Mr. ECKHARDT. Mr. Speaker, I would just like to add my voice to those who have spoken out against the irresponsible and improper remarks by the House minority leader at the luncheon meeting of the American-Israel Public Affairs Committee on April 29. While I am very concerned about the inaccuracy of Mr. FORD'S statements, I am equally concerned about the impropriety of issuing such a callous political "cheap-shot" at what was without doubt a nonpartisan meeting. The luncheon was arranged by the leadership of both parties and a most distinguished group of leaders of the American Jewish community as well as the Israel Ambassador were present. The remarks of the minority leader were a great source of embarrassment to the organizers of the meeting and the Ambassador was made especially uncomfortable.

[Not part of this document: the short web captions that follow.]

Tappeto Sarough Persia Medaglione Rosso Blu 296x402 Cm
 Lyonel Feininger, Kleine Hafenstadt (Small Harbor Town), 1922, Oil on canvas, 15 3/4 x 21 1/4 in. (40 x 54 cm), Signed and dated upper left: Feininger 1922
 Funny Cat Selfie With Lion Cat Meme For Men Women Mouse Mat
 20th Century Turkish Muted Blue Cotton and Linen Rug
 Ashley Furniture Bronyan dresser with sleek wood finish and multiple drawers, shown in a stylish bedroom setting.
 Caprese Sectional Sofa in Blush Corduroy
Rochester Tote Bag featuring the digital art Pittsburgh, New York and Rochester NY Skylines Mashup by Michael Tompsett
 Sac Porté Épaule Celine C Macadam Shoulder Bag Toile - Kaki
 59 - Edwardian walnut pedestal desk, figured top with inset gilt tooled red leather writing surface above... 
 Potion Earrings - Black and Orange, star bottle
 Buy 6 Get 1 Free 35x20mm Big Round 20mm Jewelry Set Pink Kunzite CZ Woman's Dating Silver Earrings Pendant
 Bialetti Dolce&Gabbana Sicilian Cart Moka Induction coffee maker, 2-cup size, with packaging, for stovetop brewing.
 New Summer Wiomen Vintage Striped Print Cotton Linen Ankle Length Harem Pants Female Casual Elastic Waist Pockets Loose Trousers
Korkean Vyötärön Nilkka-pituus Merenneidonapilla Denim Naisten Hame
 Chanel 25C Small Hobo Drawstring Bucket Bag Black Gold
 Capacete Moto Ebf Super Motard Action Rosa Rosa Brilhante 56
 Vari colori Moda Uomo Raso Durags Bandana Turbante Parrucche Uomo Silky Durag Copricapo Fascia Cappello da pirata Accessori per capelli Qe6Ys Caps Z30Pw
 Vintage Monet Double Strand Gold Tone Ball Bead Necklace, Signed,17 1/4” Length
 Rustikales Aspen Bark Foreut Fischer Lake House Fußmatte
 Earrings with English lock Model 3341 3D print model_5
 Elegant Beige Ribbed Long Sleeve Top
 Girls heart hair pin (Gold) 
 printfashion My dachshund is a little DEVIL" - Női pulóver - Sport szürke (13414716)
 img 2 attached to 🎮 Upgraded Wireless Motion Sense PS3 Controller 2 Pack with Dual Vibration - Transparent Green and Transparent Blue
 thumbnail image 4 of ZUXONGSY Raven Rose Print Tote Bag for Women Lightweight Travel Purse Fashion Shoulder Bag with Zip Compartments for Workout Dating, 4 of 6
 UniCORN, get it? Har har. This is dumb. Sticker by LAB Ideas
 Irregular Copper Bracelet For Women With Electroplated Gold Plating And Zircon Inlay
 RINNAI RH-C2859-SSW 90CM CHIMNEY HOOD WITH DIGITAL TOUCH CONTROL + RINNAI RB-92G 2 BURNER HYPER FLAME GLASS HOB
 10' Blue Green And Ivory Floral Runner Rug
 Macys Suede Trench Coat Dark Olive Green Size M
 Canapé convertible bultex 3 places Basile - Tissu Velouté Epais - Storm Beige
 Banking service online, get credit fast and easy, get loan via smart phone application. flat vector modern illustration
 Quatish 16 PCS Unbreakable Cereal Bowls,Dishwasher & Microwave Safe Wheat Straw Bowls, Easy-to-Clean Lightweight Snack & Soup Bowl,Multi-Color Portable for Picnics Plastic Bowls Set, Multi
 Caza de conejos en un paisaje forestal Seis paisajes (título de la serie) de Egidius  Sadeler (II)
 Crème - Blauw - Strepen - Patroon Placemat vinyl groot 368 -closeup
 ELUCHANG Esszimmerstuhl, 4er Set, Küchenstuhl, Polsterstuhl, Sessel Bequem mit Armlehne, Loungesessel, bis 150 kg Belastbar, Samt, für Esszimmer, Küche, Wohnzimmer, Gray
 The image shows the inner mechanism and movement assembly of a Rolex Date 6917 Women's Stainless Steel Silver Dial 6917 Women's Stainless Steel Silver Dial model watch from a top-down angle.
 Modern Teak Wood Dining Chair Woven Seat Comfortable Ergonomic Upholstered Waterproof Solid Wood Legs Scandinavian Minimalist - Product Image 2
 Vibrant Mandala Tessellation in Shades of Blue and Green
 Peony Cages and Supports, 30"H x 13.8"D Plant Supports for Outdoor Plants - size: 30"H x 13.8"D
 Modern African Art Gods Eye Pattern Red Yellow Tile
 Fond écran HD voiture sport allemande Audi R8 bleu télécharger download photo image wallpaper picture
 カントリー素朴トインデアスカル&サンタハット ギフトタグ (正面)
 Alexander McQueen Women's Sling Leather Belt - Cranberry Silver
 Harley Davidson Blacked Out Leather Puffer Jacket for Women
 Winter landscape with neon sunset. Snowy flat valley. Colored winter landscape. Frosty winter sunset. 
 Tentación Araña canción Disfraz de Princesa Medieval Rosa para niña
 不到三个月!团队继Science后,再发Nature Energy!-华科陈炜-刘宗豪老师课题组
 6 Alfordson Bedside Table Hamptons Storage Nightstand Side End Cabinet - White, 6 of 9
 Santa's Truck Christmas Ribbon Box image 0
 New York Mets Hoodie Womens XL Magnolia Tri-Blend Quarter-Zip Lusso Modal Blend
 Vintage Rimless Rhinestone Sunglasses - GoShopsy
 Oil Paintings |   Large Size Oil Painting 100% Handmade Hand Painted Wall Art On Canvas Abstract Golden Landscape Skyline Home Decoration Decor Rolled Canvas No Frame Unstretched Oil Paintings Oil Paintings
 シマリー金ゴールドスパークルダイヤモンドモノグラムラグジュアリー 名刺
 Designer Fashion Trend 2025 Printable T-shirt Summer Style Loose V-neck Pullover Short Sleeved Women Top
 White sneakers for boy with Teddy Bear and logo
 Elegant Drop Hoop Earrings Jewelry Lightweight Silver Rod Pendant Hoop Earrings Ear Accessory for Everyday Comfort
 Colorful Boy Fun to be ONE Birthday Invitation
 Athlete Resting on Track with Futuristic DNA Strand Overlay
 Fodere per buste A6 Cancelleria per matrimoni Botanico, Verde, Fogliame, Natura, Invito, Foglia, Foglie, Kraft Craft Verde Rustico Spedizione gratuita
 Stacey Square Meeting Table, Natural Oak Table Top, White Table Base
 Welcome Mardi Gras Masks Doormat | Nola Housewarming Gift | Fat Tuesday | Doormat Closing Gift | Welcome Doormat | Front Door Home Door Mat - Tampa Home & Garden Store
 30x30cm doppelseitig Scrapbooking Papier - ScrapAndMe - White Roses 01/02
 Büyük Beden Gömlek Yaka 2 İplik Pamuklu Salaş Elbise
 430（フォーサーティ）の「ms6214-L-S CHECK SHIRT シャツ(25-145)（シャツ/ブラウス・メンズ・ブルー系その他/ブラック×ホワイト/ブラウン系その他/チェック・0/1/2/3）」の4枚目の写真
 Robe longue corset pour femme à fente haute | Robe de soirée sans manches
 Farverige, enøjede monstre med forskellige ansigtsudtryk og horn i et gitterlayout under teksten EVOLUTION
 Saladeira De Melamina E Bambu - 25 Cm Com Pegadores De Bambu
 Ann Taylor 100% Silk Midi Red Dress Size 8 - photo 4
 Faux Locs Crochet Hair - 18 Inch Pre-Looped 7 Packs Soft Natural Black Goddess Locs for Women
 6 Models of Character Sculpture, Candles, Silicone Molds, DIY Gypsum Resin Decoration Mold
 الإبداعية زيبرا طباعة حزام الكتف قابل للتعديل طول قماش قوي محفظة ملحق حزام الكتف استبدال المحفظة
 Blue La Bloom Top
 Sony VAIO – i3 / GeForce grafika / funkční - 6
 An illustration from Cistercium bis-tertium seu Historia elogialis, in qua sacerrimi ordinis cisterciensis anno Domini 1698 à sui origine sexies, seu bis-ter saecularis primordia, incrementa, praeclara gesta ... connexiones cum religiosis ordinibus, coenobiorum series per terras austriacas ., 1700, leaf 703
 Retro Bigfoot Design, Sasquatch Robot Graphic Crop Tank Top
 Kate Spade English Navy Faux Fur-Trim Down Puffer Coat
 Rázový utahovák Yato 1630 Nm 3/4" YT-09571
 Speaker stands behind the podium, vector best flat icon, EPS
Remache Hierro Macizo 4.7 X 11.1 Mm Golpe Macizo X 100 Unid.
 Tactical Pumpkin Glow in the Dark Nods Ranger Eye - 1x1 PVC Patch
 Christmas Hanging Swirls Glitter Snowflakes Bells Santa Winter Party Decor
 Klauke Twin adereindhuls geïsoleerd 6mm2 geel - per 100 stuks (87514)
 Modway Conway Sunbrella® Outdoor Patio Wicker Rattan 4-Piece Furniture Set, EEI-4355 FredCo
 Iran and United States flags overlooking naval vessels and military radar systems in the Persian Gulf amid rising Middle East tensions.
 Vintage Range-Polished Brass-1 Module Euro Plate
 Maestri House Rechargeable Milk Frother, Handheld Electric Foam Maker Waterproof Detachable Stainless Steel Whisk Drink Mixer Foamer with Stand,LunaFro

Senator MUSKIE is a friend of Israel and a great humanitarian. I can understand the minority leader's desire to discredit a leading contender for the Democratic presidential nomination, but this time Mr. FORD only discredited himself. The Senator's conversations with Soviet leaders centered on the need to limit the arms race and in no way reflected any desire to weaken Israel's security. Senator MUSKIE should be commended for his sincere efforts to lessen the dangers of a world conflagration. The strategy of those who oppose an arms limitation is evidently to sound the alarm that our friends' defensive capabilities will be weakened by any such limitation and then to appeal to interest groups in the United States that have a special affinity or affection for a particular, friendly, nation. This is a sad commentary on both the policies and politics of the GOP.


I hope that the minority leader will take the time to reassess his own position on arms limitations and will extend a most necessary apology to the junior Senator from Maine.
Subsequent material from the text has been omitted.